Situé au sommet d’une colline, Cigéo, le projet de Centre de stockage industriel géologique de Bure, dans la Meuse, est une citadelle gardée vingt-quatre heures sur vingt-quatre. Avec ses quelques gamins qui font du vélo aux alentours, ses bois et ses terres agricoles, ses riverains, ses employés parfois abîmés par le chômage ou les petits boulots et ses patrouilles de gendarmes chargés de surveiller en jeep ou en moto-cross tous les faits et gestes dans un rayon de dix kilomètres, le laboratoire de l’Andra (Agence nationale pour la gestion des déchets radioactifs) pourrait servir de décor à une série américaine ultraparanoïaque.
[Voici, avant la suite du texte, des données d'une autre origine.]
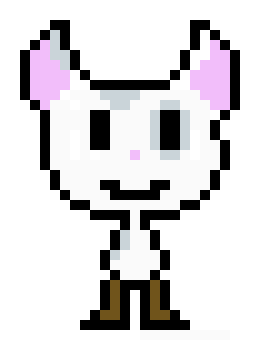 [9664c4] Also Monster Kid is now Mosskit AKA this.. ugly.. thing.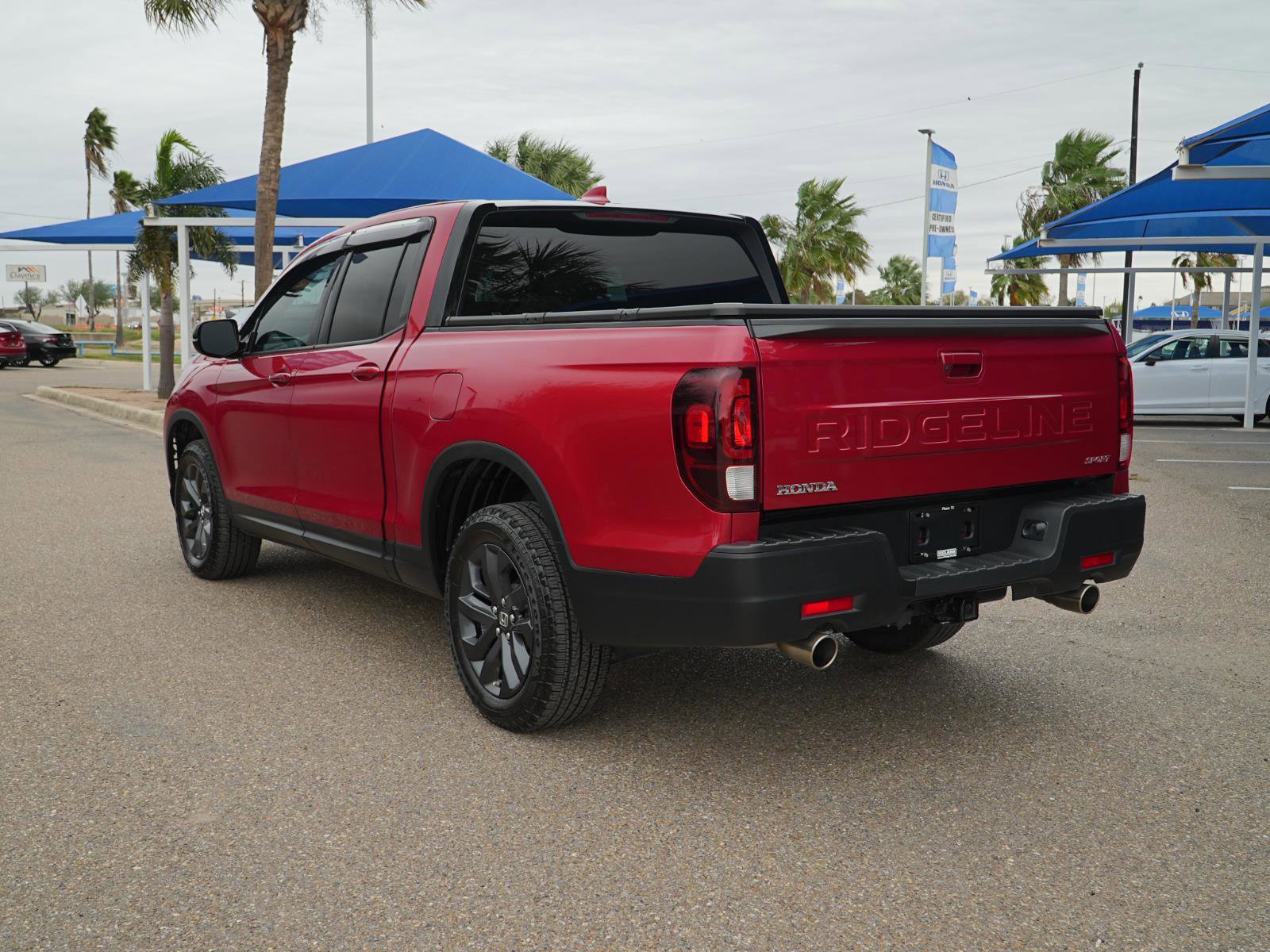 Used 2024 Honda Ridgeline Sport image 9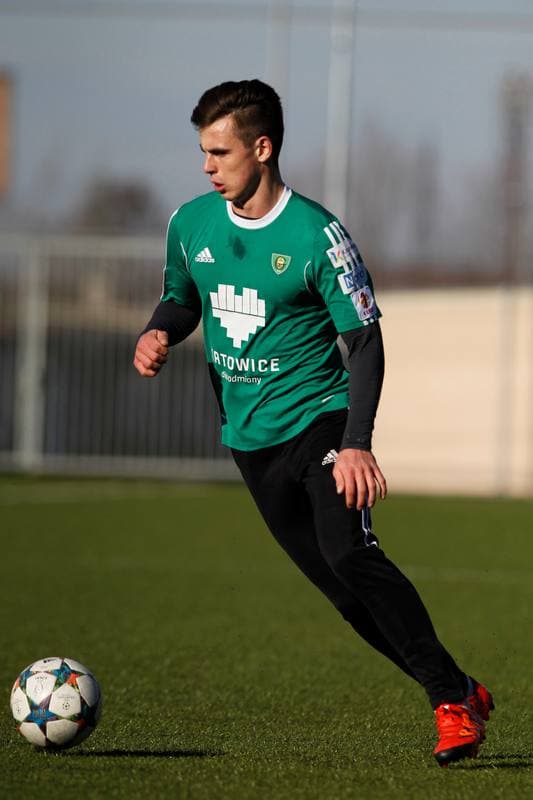 Football. Friendly Match. MFK Karvina - GKS Katowice. 30.01.2016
Au Bindeuil, le restaurant construit par la commune grâce au groupement d’intérêt public Objectif Meuse – la commune a financé et gère le restaurant d’entreprise de l’Andra, au titre des retombées économiques (lire l’épisode 3, « Bure et l’argent de Bure ») –, il y a deux salles : le self, fréquenté par les gendarmes et où l’on sert un fameux couscous-poulet, et le restaurant d’affaires, destiné aux VIP et où l’on sert un fabuleux flétan cuit à point. Sur le prospectus, on a beau vanter la beauté du lieu avec chambre avec vue sur le centre de l’Andra dans l’espoir d’attirer les touristes, c’est un bien drôle d’endroit pour un voyage de noces. Pour les opposants, c’est même à se demander si le démon de la radioactivité ne risque pas un jour de resurgir de la boîte où l’on voudrait l’enfermer. À l’heure actuelle, il n’y pas un gramme de déchets nucléaires en Lorraine. Mais elle va bientôt les accueillir et, depuis vingt-cinq ans, le centre alimente toutes les rumeurs. C’est avec toutes ces théories complotistes en tête que nous avons calé une visite, bien décidés à nous forger une opinion par nous-mêmes.
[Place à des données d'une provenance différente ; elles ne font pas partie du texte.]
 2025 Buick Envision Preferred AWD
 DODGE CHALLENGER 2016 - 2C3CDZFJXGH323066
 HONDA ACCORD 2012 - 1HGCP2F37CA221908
Chargé de communication au sein de l’Andra, Mathieu Saint-Louis nous attend pour la visite. Une fois passée l’enceinte clôturée du laboratoire, on enfile casque de chantier, chaussures de sécurité, ceinture dotée d’un « Apeva » (un appareil d’évacuation autonome qui permet une assistance respiratoire) et d’un dispositif de géolocalisation… « Ici, on ne badine pas avec la sécurité », déclare ce Québécois venu de la région de l’Abitibi. Puis on entre dans un ascenseur rouge exigu pour atteindre, à 500 mètres de profondeur, la couche argileuse, qui sera le futur tombeau de nos déchets ultimes.
C’est là que reposera tout ce que le nucléaire civil et militaire aura produit de plus dangereux en France, depuis les années 1950 jusqu’au démantèlement du parc actuel, entreposé pour l’instant à La Hague (Manche), Marcoule (Gard), Cadarache (Bouches-du-Rhône) et Valduc (Côte-d’Or)… 75 000 mètres cubes de colis de moyenne activité, pièces métalliques entourant les combustibles, déchets d’exploitation et de démantèlement du cœur des réacteurs.